Durable Execution
Durable execution is an architecture practice for keeping a logical execution coherent across failure, restart, suspension, timeout, or delayed external work.
Durable execution is not the general operational concern of durability, and it is not a workflow engine. It is a solution pattern that combines durability of execution material with persistence, reconstitution, recovery, idempotency, ordering, and coordination so execution can resume without changing the semantic meaning of the process.
Its core recovery goal is execution recovery: recover the execution of the same logical computation after failure. A failure is treated as an interruption of execution, not necessarily as a failed business outcome.
Durable execution addresses failure modes where process progress, pending decisions, timers, signals, retries, and recovery context would otherwise be lost or duplicated when the execution host, worker, VM, process, runtime, network path, or external dependency fails independently.
Durable execution composes:
- Durability of execution material across the relevant failure boundary.
- Persistence of execution state, history, checkpoints, timers, signals, or pending work.
- Reconstitution of usable process context after interruption.
- Recovery behavior that resumes, replays, retries, compensates, or escalates without inventing different semantic history.
- Ordering of history, signals, decisions, activities, and emitted effects within the relevant boundary.
- Idempotency at effect boundaries so resumed execution does not duplicate irreversible work.
- Coordination with entity transitions, external systems, and output events.
Durable execution may be history-based, checkpoint-based, state-machine-based, event-sourced, transaction-log-based, or externally coordinated. Deterministic replay is one realization strategy, not the definition.

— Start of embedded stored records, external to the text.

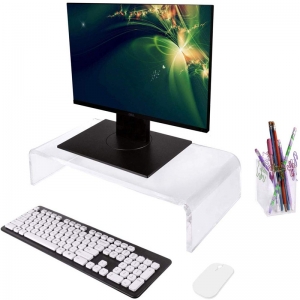 U shaped custom acrylic monitor stand lucite coffee table 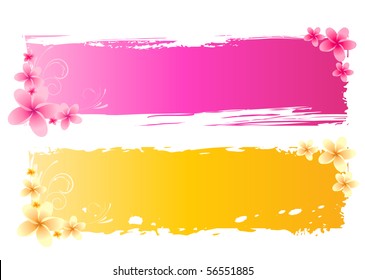 Two grunge banners with frangipani flowers and swirls ornament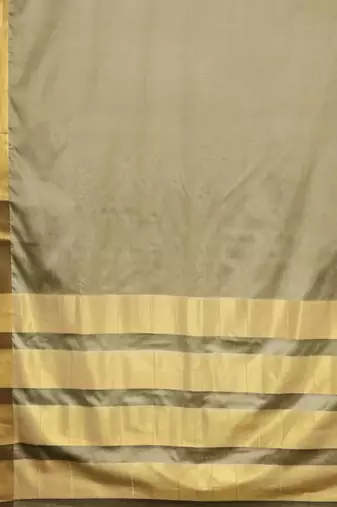 Cotton Silk Golden Zari Tissue Contrast Border Saree With Desingner Jacqaurd Blouse.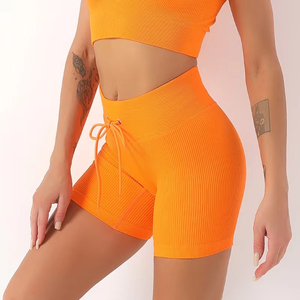 Shorts de yoga de cintura alta con cordón y bolsillos, de color sólido, para gimnasio y fitness, para mujer. - Product Image 5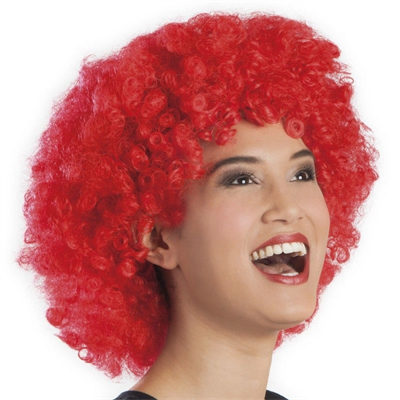 Kırmızı Renk Kıvırcık Afro Bonus Peruk Bx40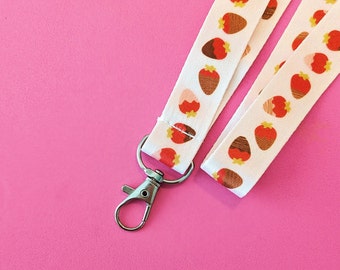 Chocolate Strawberry Lanyard, Lanyard for Teachers, Food Gifts, Cute Lanyards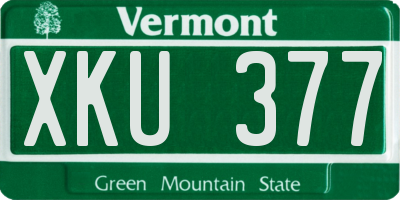 VT license plate XKU377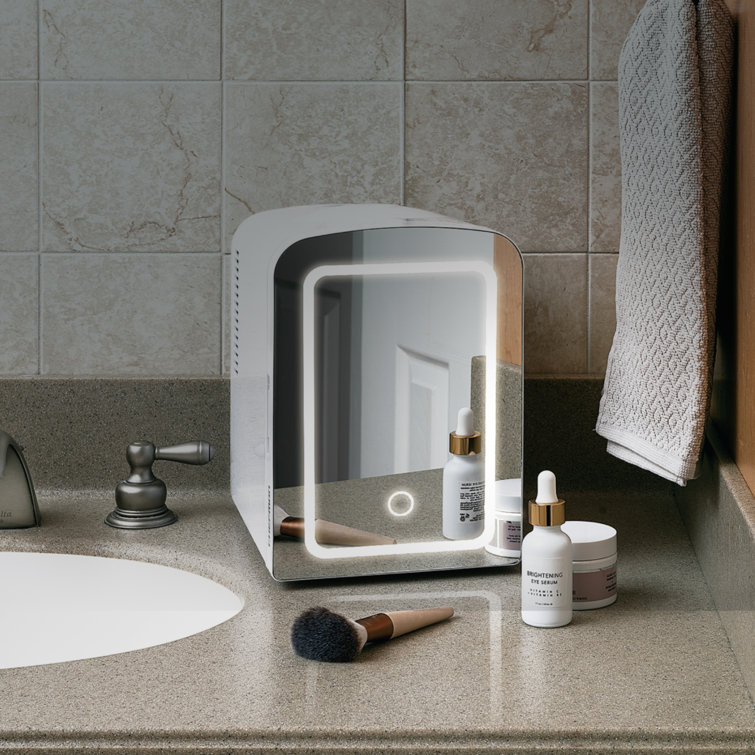 chefman 0.52 cu ft portable mini mirrored personal fridge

Durable execution provides infrastructure-level recovery before it provides application-level compensation. Infrastructure compensation restores execution context so the computation can continue unchanged. Application compensation performs new business operations to reconcile the system with the external world; that is saga or business recovery even when the compensating logic runs inside durable execution.

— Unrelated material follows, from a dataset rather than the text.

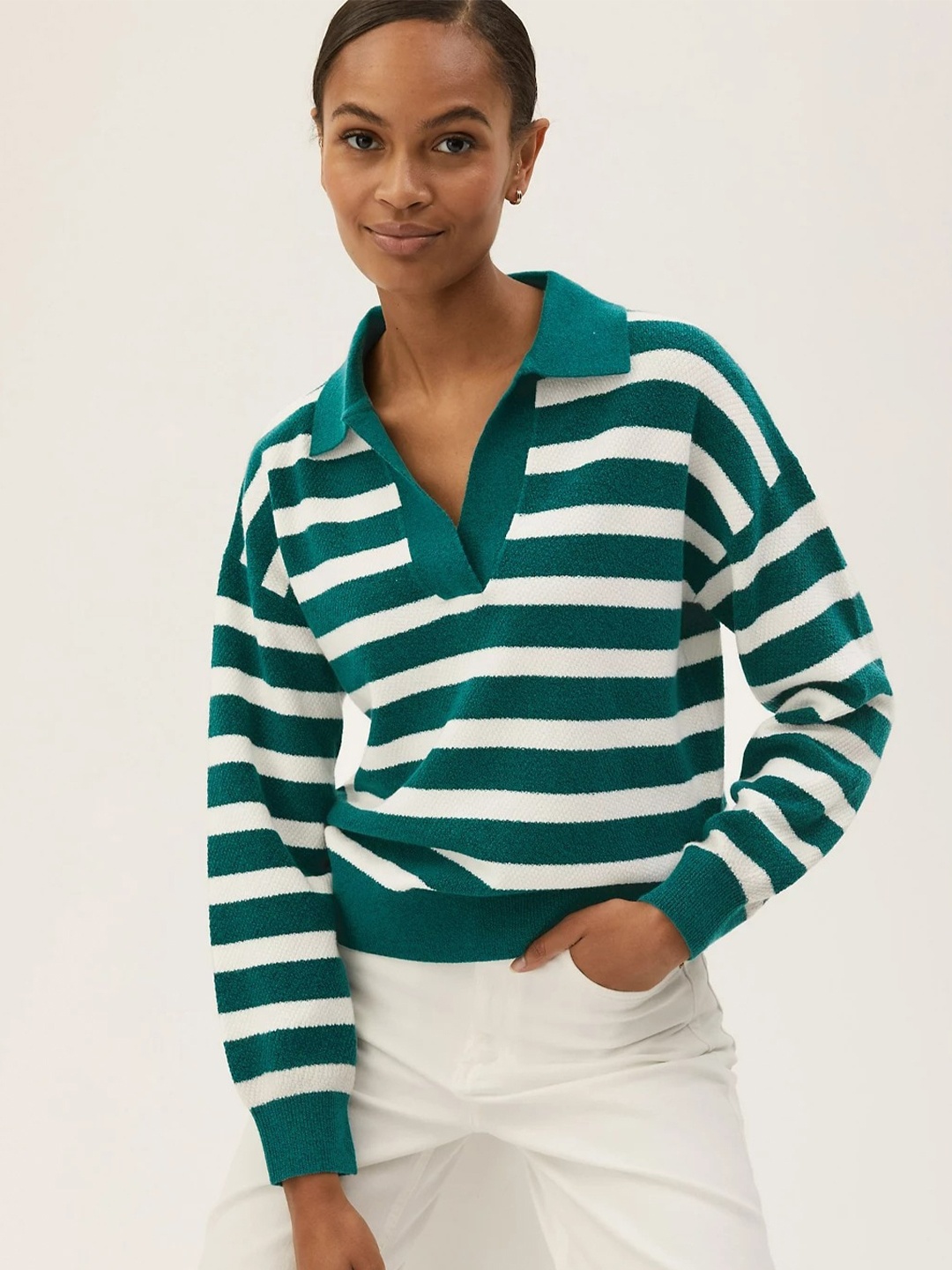 

Marks & Spencer Women Green & White Striped Pullover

Durable execution is boundary-relative. A workflow checkpoint, persisted job record, timer record, outbox row, or transaction log entry each says what is durable at its own boundary. None automatically means that the business transaction completed, that an entity transition committed, or that another observer processed the follow-up work.
Durable execution concerns include:
- Process or execution identity.
- Persisted progress state or history.
- Resume and replay semantics.
- Timer, signal, and cancellation durability.
- Activity or step retry semantics.
- Effect emission and deduplication boundaries.
- Compensation or rollback behavior.
- Human, external-system, and long-delay interactions.
- Versioning and migration of process definitions and persisted histories.
Durable execution is realized by durable execution engines, workflow engines, job processors with durable queues, actor reminders plus state providers, database-backed process managers, saga runtimes, transaction managers, or custom coordination code. Process theories help distinguish this execution-recovery pattern from the broader semantic process and from business-recovery patterns such as sagas.
Related concepts: durability, process theories, process, process graphs, coordination, persistence, reconstitution, recovery, retry, idempotency, ordering, delivery semantics, process managers, sagas, durable execution engines, workflow engines, business transactions, realization.